This requires fault tolerance mechanisms.

5) Parallel vs Distributed Systems

5.1 Core Difference: Memory and Communication

Parallel system (shared memory):

Communication through memory reads/writes
Very fast inter-core communication

Distributed system (distributed memory):

Communication through network messages
Higher latency, lower bandwidth than memory

5.2 Latency and Bandwidth

Memory access latency: nanoseconds
Network latency: microseconds to milliseconds

This makes distributed computing harder:

Communication cost is high
Algorithms must minimize messaging

5.3 Fault Tolerance

Parallel computing typically assumes:

one machine, fewer failures

Distributed computing must assume:

failures are normal
systems must recover automatically

5.4 Scaling

Parallel systems scale up to:

tens/hundreds of cores per machine

Distributed systems scale to:

thousands/millions of machines globally

5.5 Examples

Parallel example:

16-core CPU rendering a video frame using threads

Distributed example:

A cloud cluster processing petabytes of logs using many machines

ACM Digital Library resources on distributed systems

6) Flynn’s Taxonomy (SIMD, MIMD)

Flynn’s taxonomy classifies systems by:

Instruction stream: how many instruction sequences are executed
Data stream: how many data sequences are processed

6.1 SISD (Single Instruction, Single Data)

Classic sequential machine
One core, one instruction flow

Example:

Simple embedded processors
Basic single-thread execution

Find your Desired Course

6.2 SIMD (Single Instruction, Multiple Data)

One instruction applied to many data items simultaneously
Great for vectorizable computations

Modern SIMD appears in:

CPU vector extensions (SSE, AVX)
GPUs executing many threads in lockstep style

Best suited for:

Image processing (apply filter to all pixels)
Linear algebra
Physics simulations
Audio/video encoding

Limitations:

Works best when operations are uniform across data
Branch divergence reduces efficiency (especially on GPUs)

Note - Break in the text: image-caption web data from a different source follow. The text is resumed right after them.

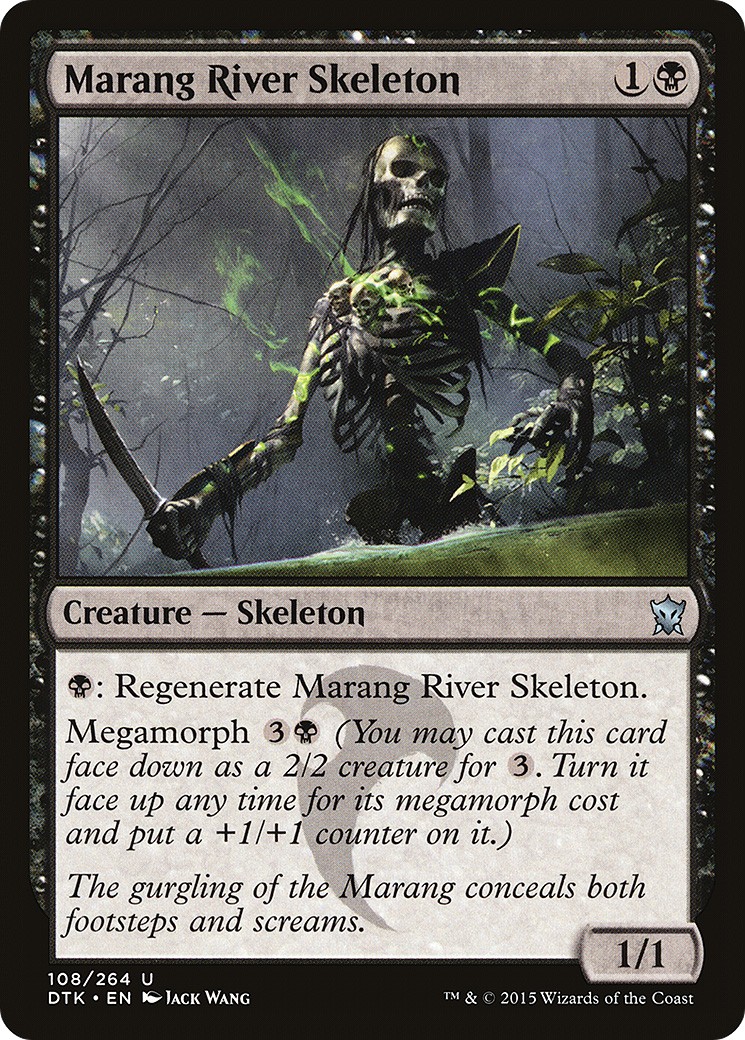 Marang River Skeleton - Image 1
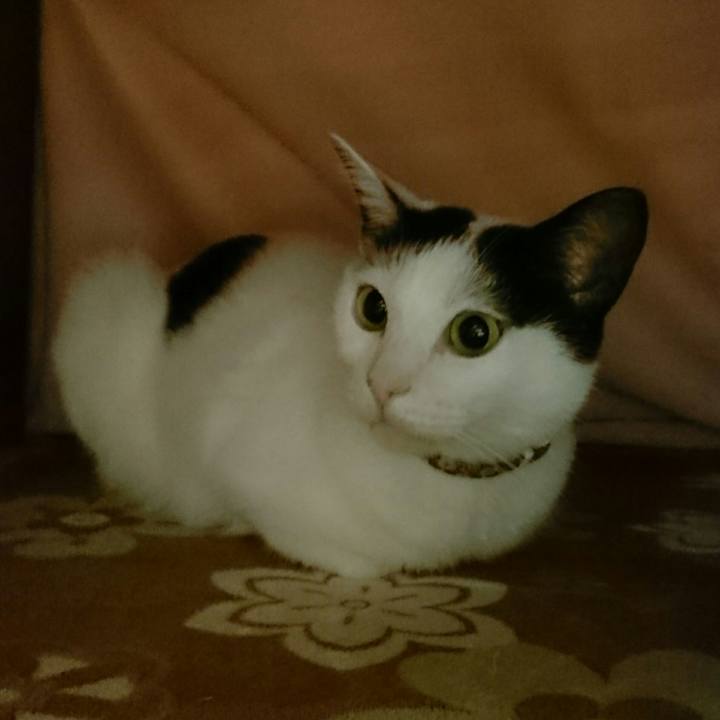 39fd52cb 83cd 4823 9f38 2beeddde3076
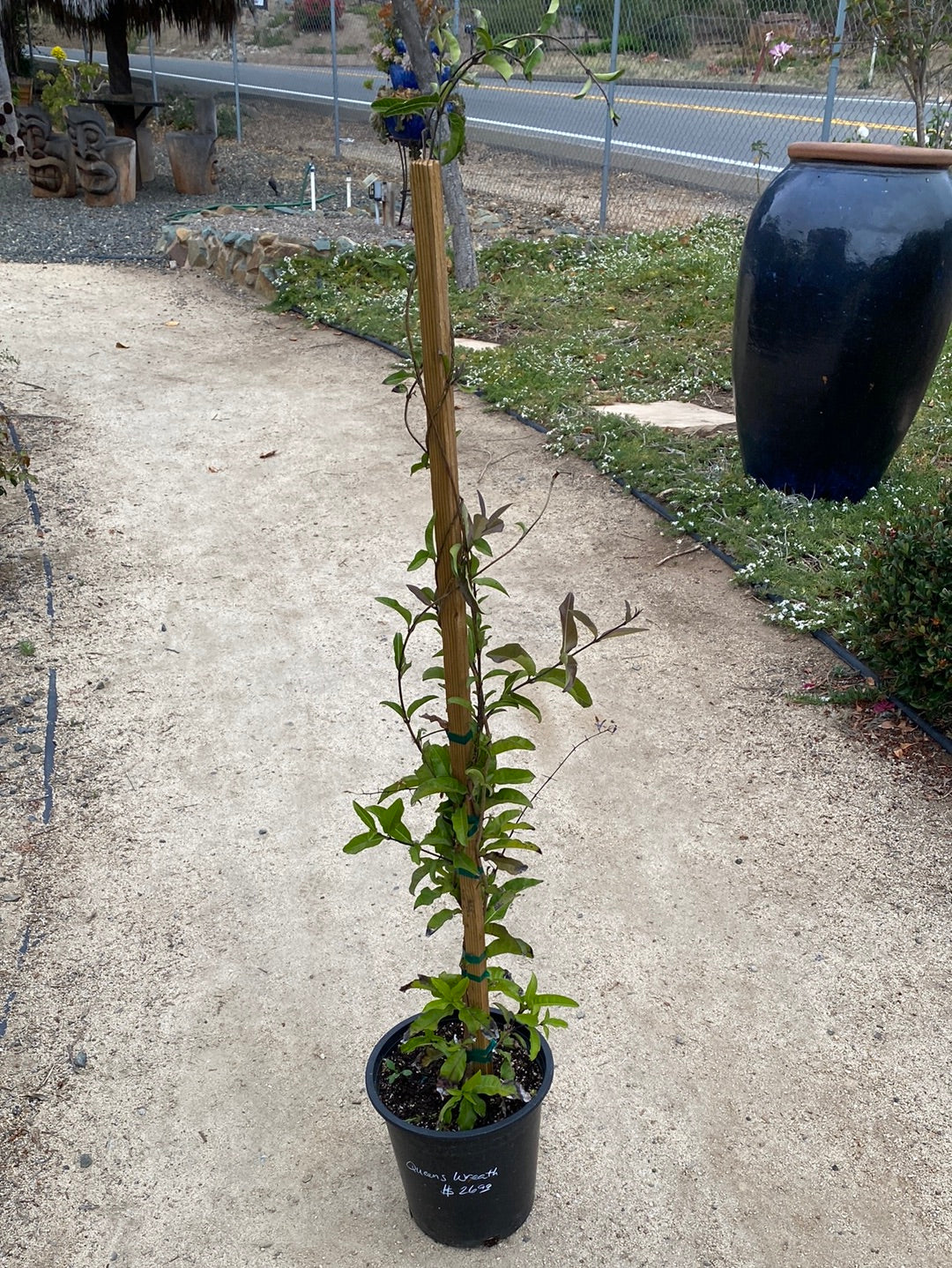 Antigonon leptopus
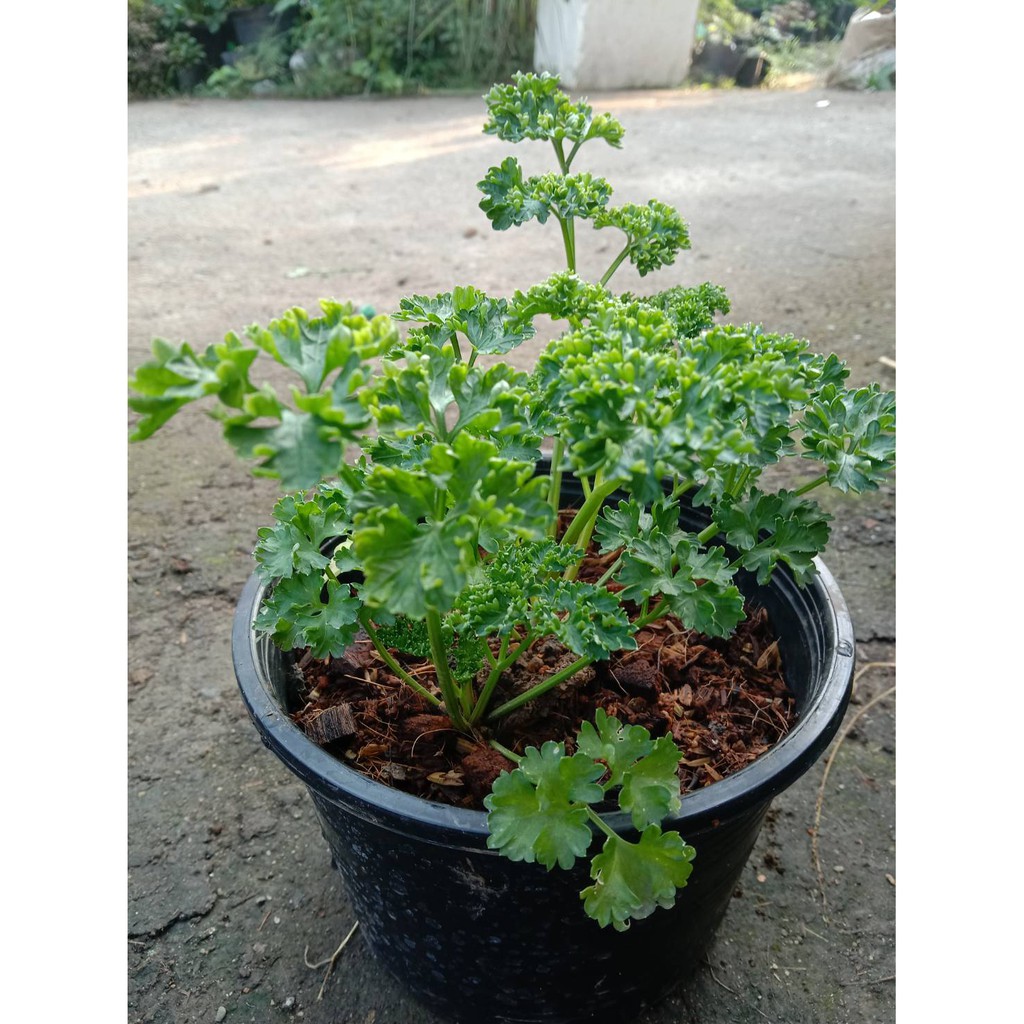 ต้นพาร์สลี่ย์ พาร์สลี่ย์  Parsley (ใบหยิก)กระถ่าง 6 นิ้ว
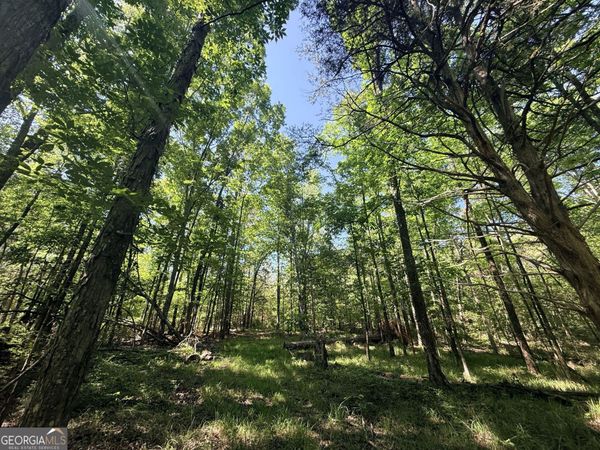 580 Saggus Road, Washington, GA 30673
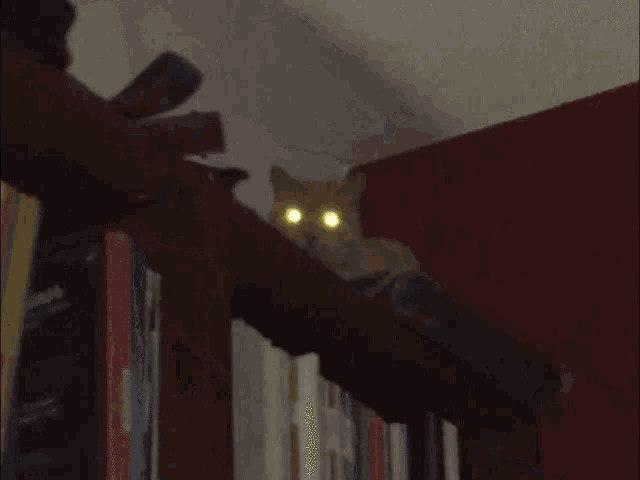 Cat Chat GIF - Cat Chat Demon GIFs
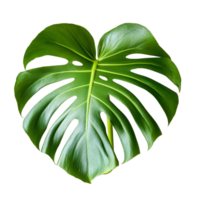 A close-up highlights the vibrant green and intricate cutouts of a Monstera deliciosa leaf against a light backdrop, Close up of Monstera deliciosa leafon transparent background png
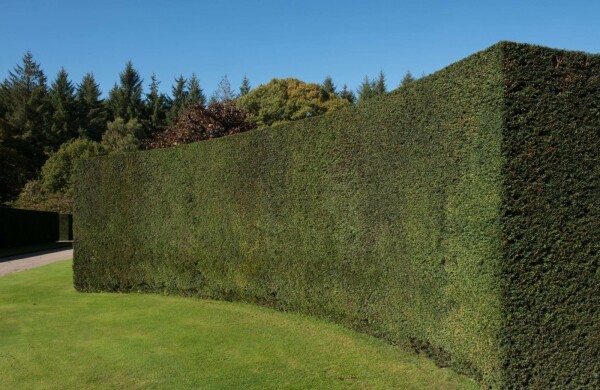If Commun / Taxus Baccata 120-140 cm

6.3 MISD (Multiple Instruction, Single Data)

Rare in practice.
Sometimes appears in:

Fault-tolerant systems (multiple computations verifying same data)

6.4 MIMD (Multiple Instruction, Multiple Data)

Most common modern architecture:

Multiple cores execute different programs or threads
Each can operate on different data

Examples:

Multicore CPUs
Multi-socket servers
Distributed clusters (each node is independent)

MIMD is flexible, but requires:

synchronization tools (locks, barriers)
careful algorithm design

7) Motivation: Why Parallel and Distributed Computing?

7.1 Motivation 1: Performance

The simplest motivation: finish tasks faster.

If a computation can be split into 8 equal independent parts:

1 core: 80 seconds
8 cores (ideal): 10 seconds

But real speedup is limited by:

communication overhead
synchronization delays
serial parts of code
load imbalance

This leads to a core principle:

Parallelism is powerful, but overhead and serial code limit gains.

7.2 Motivation 2: Scalability (Handle Bigger Problems)

Some problems cannot fit on one machine due to:

memory limits
compute limits
storage limits

Distributed systems scale by adding more machines:

more memory
more compute
more storage

Example:
A machine learning pipeline on massive datasets needs:

distributed storage
distributed processing
distributed training

7.3 Motivation 3: Energy Efficiency (Performance per Watt)

Higher performance used to mean:

higher clock speed
much higher power consumption

Now the goal is:

maximize performance per watt

Using multiple slower cores can be more energy efficient than one very fast core:

lower voltage
less heat
better throughput

This is critical for:

mobile devices
data centers (electricity cost)
sustainability goals

8) Key Terms You Must Know (Glossary)

Concurrency: multiple tasks in progress (not always simultaneous)
Parallelism: tasks executed simultaneously
Thread: lightweight execution unit within a process
Process: program instance with separate memory space
Shared memory: multiple threads access same memory
Distributed memory: each node has its own memory
Speedup: performance improvement compared to sequential execution
Overhead: extra cost due to coordination/communication
Synchronization: coordination to avoid incorrect memory access conflicts

Summary

Parallel and Distributed Computing evolved to overcome the limitations of single-core, sequential systems. Parallel computing uses multiple processors within one machine to execute tasks simultaneously, while distributed computing connects multiple machines over a network to work together. Flynn’s taxonomy classifies systems like SIMD and MIMD, which form the basis of modern multicore CPUs and GPUs. The main goals of these approaches are improved performance, scalability, and energy efficiency, making them essential for today’s high-performance and cloud-based applications.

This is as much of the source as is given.